Exercise aim ▸ Copy exactly the lines from the first line of the records below through the line containing "2026 Jeep JL Wrangler - Image 18 of 19", including both, and nothing else.

Records for this task ▸
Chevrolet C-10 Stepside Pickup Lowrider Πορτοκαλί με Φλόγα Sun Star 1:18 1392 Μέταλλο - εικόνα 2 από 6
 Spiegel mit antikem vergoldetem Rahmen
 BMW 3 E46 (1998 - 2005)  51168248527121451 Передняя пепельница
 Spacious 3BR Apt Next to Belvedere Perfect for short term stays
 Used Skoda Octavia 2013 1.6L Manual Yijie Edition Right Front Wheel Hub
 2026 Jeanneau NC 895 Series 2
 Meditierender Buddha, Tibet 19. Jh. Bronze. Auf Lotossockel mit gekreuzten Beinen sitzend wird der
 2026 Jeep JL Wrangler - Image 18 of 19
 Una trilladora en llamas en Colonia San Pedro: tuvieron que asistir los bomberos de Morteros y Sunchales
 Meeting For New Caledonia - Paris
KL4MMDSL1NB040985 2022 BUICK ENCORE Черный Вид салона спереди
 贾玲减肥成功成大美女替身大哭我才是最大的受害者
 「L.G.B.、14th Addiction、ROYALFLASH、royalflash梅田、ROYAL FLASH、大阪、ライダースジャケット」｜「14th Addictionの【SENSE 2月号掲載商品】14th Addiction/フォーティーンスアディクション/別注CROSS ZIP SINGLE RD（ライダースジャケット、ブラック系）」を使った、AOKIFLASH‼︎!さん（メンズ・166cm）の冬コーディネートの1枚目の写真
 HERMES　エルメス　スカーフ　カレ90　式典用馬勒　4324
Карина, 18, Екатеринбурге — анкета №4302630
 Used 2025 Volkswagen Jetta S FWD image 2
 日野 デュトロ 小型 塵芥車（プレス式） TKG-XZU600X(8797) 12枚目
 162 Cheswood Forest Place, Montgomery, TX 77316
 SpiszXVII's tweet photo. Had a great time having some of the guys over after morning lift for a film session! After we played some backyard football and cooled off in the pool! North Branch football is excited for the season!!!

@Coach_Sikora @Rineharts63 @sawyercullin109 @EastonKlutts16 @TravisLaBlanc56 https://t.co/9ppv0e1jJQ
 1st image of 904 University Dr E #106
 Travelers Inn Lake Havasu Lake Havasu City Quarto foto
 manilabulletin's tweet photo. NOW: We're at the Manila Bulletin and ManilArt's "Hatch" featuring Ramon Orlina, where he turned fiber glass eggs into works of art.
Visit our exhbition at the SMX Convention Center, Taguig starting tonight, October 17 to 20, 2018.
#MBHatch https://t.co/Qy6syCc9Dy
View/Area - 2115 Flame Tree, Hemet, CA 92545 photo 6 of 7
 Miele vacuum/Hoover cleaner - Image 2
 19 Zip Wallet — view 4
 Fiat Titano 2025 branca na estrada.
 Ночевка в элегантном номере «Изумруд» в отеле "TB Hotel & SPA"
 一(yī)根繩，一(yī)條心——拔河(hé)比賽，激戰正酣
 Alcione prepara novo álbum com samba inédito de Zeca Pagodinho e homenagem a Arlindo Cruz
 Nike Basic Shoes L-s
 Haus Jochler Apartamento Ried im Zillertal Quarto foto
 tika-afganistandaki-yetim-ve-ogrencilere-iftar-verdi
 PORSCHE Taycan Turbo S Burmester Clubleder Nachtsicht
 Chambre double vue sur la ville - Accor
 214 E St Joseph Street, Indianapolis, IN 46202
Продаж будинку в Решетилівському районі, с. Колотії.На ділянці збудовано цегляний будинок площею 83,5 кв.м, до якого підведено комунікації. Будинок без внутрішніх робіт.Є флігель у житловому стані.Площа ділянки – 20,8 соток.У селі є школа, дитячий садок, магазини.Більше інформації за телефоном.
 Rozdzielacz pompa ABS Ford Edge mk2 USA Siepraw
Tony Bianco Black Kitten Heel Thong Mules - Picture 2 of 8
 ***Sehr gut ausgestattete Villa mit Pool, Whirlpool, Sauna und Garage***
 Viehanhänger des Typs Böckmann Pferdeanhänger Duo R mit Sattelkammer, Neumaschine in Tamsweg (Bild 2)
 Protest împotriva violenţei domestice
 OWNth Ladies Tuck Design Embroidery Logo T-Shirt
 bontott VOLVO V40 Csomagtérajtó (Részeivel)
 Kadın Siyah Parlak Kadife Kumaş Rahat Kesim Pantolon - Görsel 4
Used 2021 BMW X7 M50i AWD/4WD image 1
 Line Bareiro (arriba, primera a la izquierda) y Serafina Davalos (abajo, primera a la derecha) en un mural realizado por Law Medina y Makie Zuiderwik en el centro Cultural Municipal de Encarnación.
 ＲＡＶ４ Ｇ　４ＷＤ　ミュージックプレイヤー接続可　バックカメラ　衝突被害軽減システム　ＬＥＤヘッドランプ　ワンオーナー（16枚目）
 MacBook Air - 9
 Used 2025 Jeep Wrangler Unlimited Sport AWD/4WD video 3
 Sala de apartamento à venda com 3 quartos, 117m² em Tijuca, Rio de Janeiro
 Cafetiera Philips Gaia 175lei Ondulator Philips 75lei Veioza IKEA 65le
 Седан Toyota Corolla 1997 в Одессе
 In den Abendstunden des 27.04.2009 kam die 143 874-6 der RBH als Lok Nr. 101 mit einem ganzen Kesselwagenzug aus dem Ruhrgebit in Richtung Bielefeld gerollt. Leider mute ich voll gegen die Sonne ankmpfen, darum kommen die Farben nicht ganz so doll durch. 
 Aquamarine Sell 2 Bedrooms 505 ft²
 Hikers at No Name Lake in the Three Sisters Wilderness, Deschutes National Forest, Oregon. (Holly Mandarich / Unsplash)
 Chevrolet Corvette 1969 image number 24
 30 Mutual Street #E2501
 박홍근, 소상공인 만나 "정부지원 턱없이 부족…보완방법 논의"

Answer space ▸
Chevrolet C-10 Stepside Pickup Lowrider Πορτοκαλί με Φλόγα Sun Star 1:18 1392 Μέταλλο - εικόνα 2 από 6
 Spiegel mit antikem vergoldetem Rahmen
 BMW 3 E46 (1998 - 2005)  51168248527121451 Передняя пепельница
 Spacious 3BR Apt Next to Belvedere Perfect for short term stays
 Used Skoda Octavia 2013 1.6L Manual Yijie Edition Right Front Wheel Hub
 2026 Jeanneau NC 895 Series 2
 Meditierender Buddha, Tibet 19. Jh. Bronze. Auf Lotossockel mit gekreuzten Beinen sitzend wird der
 2026 Jeep JL Wrangler - Image 18 of 19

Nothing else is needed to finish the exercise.